Problem to solve
Beginning at the line with "2019 Maruti Suzuki", please repeat each line exactly through the end of the records below, including that first line and the last, but no pictures.

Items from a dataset

= = = =

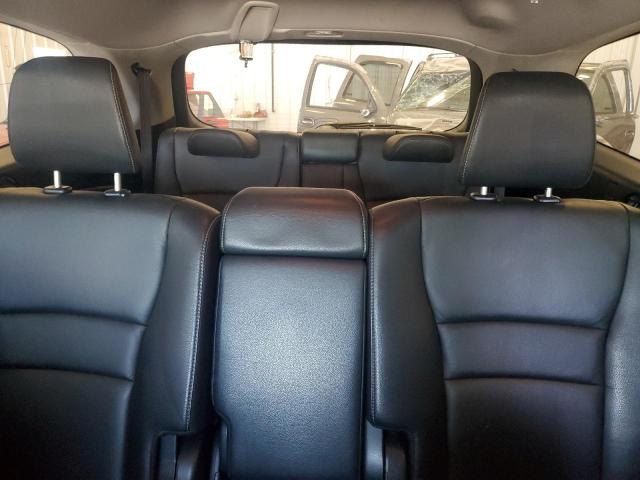 Photo 10 from auction – 2016 HONDA PILOT EXL with VIN 5FNYF6H84GB023324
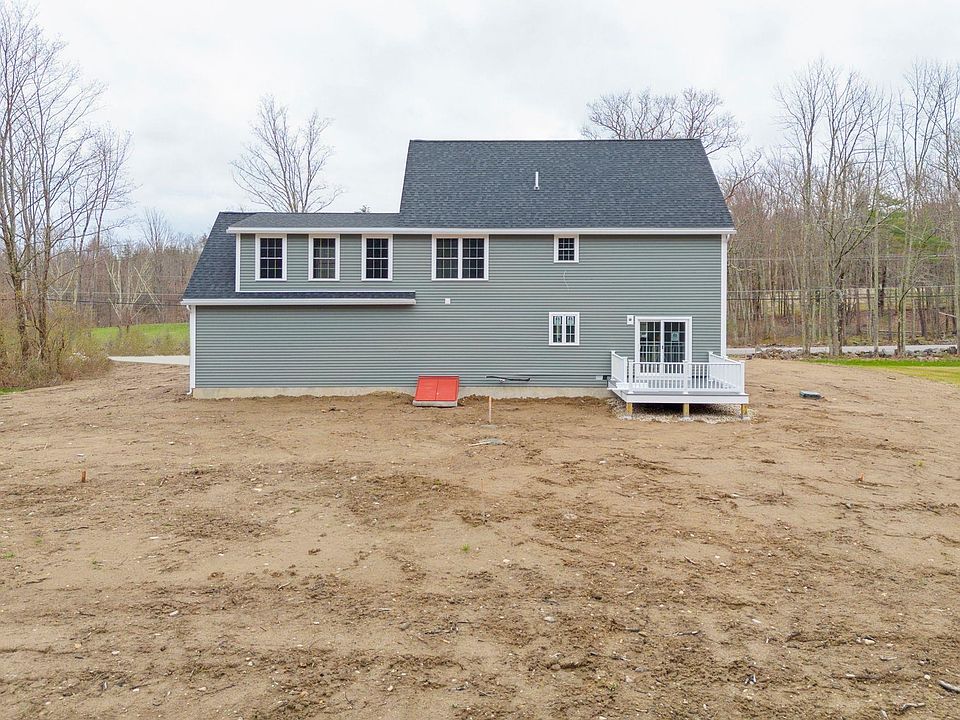 127 Meaderboro Road UNIT 181, Rochester, NH 03867 Zillow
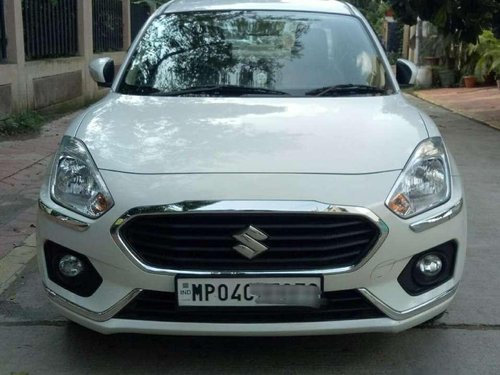 2019 Maruti Suzuki Swift Dzire MT for sale in Indore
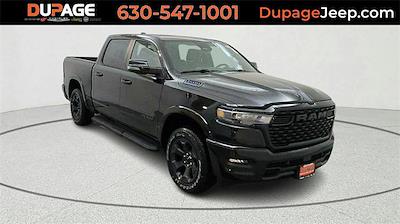 New 2026 Ram 1500 Big Horn Crew Cab for sale #D60317 - photo 1
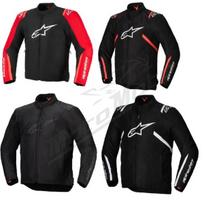 ALPINESTARS T-SPS v2 neperšlampama tekstilinė striukė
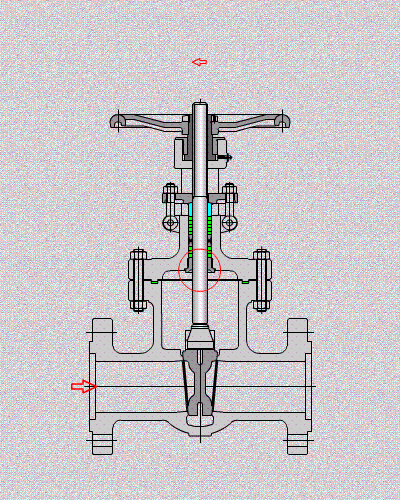 波纹管截止阀厂家大全 SEO优化怎么玩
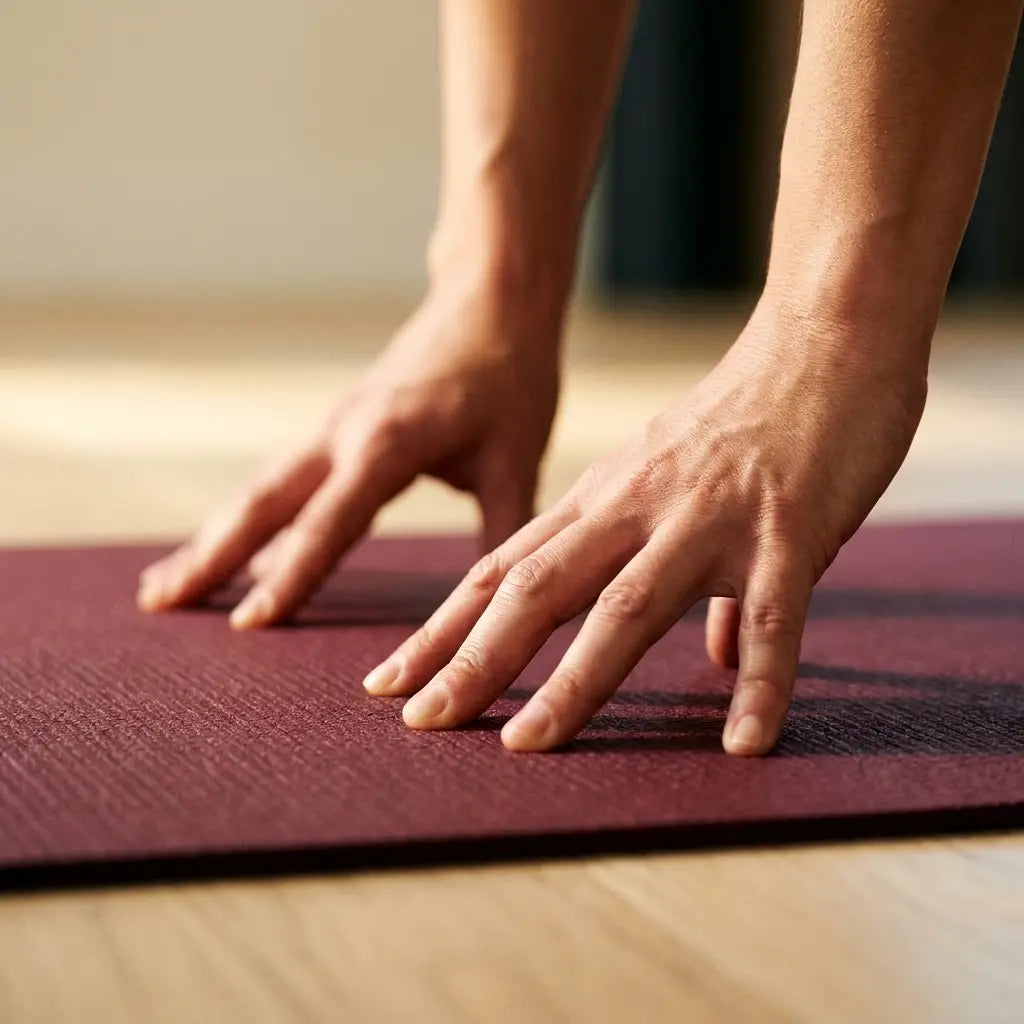 Manduka PRO prostirka za jogu 6 mm, 180 cm, Verve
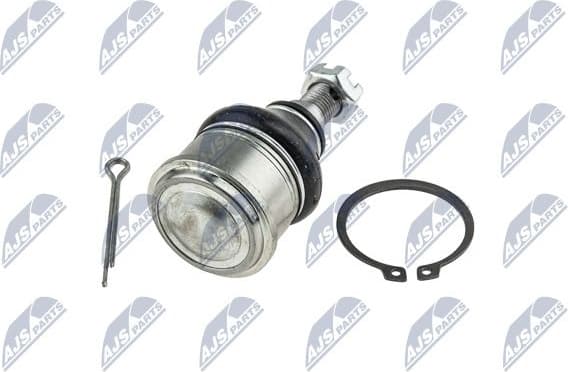 Ball Joint ZSD-HD-008 - image 2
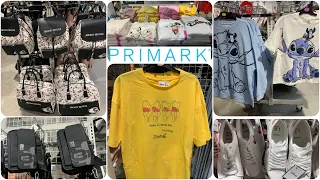 What’s new in primark May 2021/ primark women’s Disney new collection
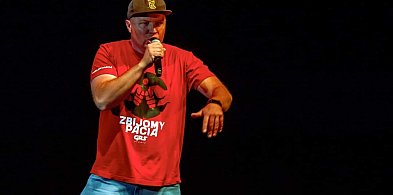 Grosu rapuje o Świętej Barbarze-31458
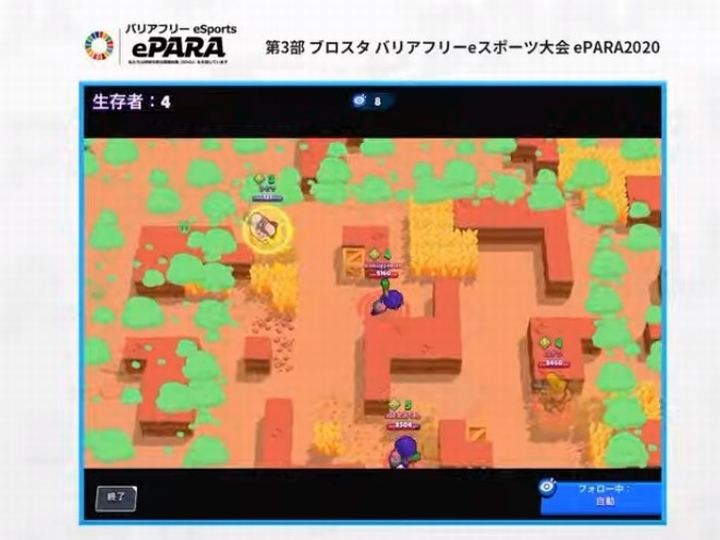 Eスポーツがつくりだすバリアフリーの未来 発達障害の運営スタッフが感じる可能性 Gameクロス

= = = =

Finished exercise
 2019 Maruti Suzuki Swift Dzire MT for sale in Indore
 New 2026 Ram 1500 Big Horn Crew Cab for sale #D60317 - photo 1
 ALPINESTARS T-SPS v2 neperšlampama tekstilinė striukė
 波纹管截止阀厂家大全 SEO优化怎么玩
 Manduka PRO prostirka za jogu 6 mm, 180 cm, Verve
 Ball Joint ZSD-HD-008 - image 2
 What’s new in primark May 2021/ primark women’s Disney new collection
 Grosu rapuje o Świętej Barbarze-31458
 Eスポーツがつくりだすバリアフリーの未来 発達障害の運営スタッフが感じる可能性 Gameクロス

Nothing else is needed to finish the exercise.